Conservatives can win floating voters and core voters, but not by sucking up to the rich

Apologies for yet another article on the US Presidential election, but they are still counting the votes. What’s more, the winner won’t formally be decided until the Electoral College meets on the 17th.

Now, at the Deep End, we like to deal in serious issues rather than political gossip, but what we hear is that it’s likely to go Obama’s way. Just so you know.

In a fascinating analysis for NewGeography, Joel Kotkin puts Obama's success – or, rather, Romney’s failure – into perspective: 

  • "What should concern Republicans was declining turnout in traditionally GOP-leaning suburbs, the very places where middle-class professionals and business owners reside. These voters were not energized by Romney. So even though he improved the GOP’s 2008 vote among the middle class and independents, Romney’s total was about 1,000,000 below that of John McCain. Had Romney equalled McCain’s performance in four states (Florida, Ohio, Virginia, and Colorado), he would have won, rather than losing to a president who received 7 million fewer votes than in the previous election. 
  • "Let’s take a measurement of base stagnation: the nation’s population has grown 20 million since George Bush was elected in 2004, but the GOP vote has actually shrunk. This correlates as well with a stunning decline of roughly 8 million white voters compared to 2008. The white population may be getting old, but it’s not dying off that rapidly." 

Joel Kotkin says that the failure of the Republican core vote to turn out is all the more serious because, as a social group, these are the sort of people who'd love to love to see a change at the White House:

  • "In fact, as Gallup notes, nearly 60 percent of small-business owners disapprove of Obama. The problem was many simply did not see Romney as a viable—let alone an attractive—alternative. In contrast, the Obama team did a far better job of turning out their base of minority, youth, single and childless women, and union members..." 

Kotkin argues that "to change the political dynamic, Republicans need to address class concerns, particularly those of small property owners and aspirant small entrepreneurs":  

  • "Yet the GOP has no program for this group other than lower taxes and hollow promises to cut the budget… The party’s hodgepodge of corporate managerialism, social regressiveness, and, above all, protection of the plutocratic class is demonstrably not compelling to most Americans." 
  • "It’s hard for a Main Street business owner, or sole proprietor working from home, to relate to a plutocrat, like Romney, who pays lower effective tax rates than they do. Outrage against looming tax hikes would be justifiable, if the true motivation were not so plainly to preserve the privileges of the haute bourgeoisie. This is a politically doomed approach…"  
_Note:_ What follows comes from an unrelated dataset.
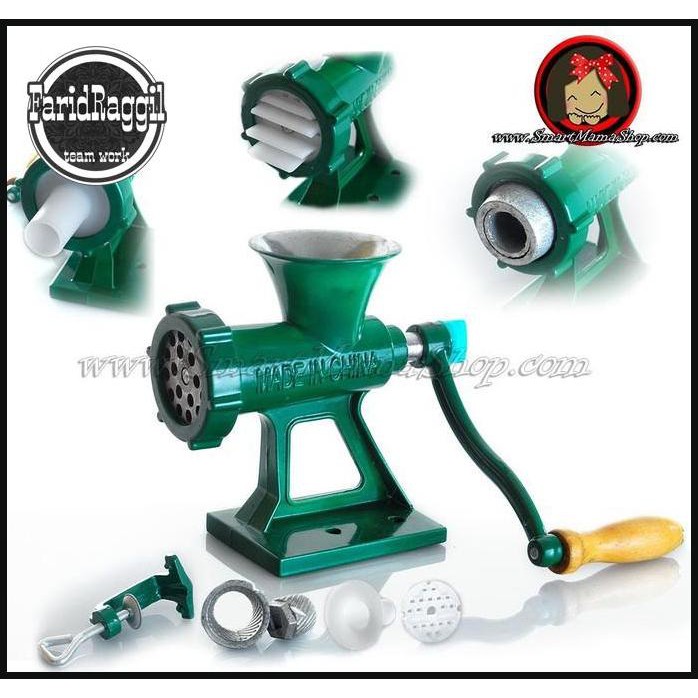 

GILING DAGING MANUAL JCW 46 PENGGILING BAKSO IKAN BUMBU KOPI SLVSHOPEE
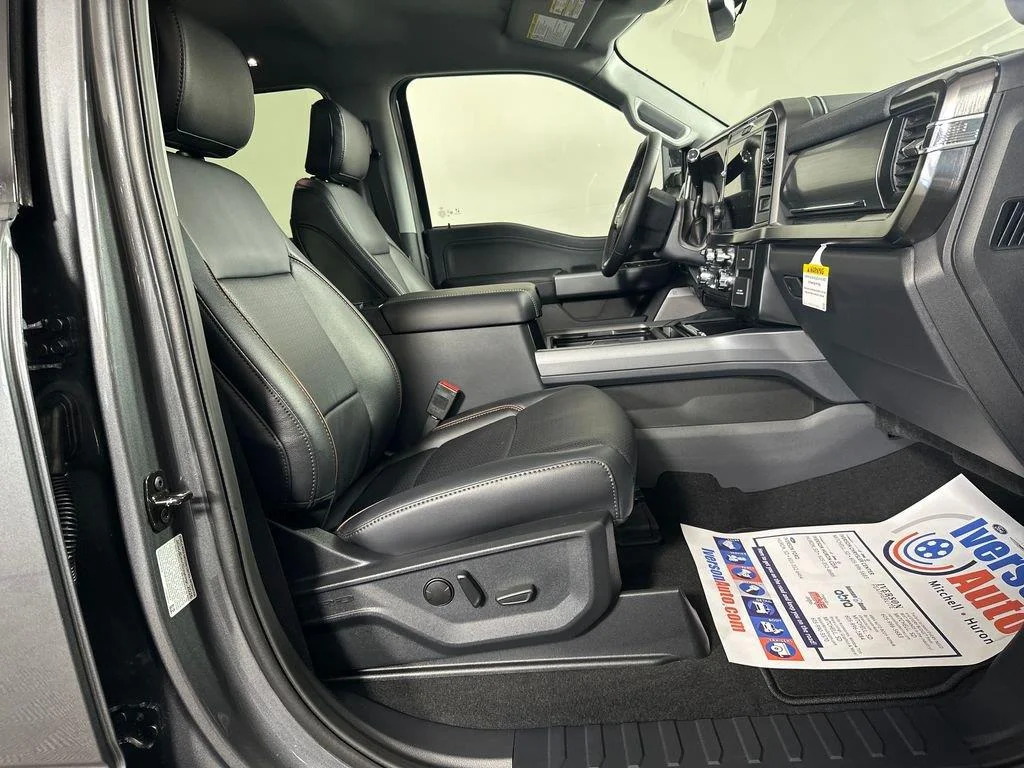 New 2026 Carbonized Gray Metallic Ford F-350® Lariat® image 28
There is an important lesson here for the British Conservative Party. After years of pointless argument over the relative merits of a ‘core vote strategy’ versus a ‘centre ground strategy’, we’re finally realising that our core vote is much closer to the centre ground than the stereotypes would suggest. However, that also means that they’re a lot further from the wealthy elite, which one could define as that tiny proportion of the population that pays (or will ever pay) the highest rate of income tax.

By going the extra mile for the rich we won’t just distance ourselves from the centre ground, but from our core voters too.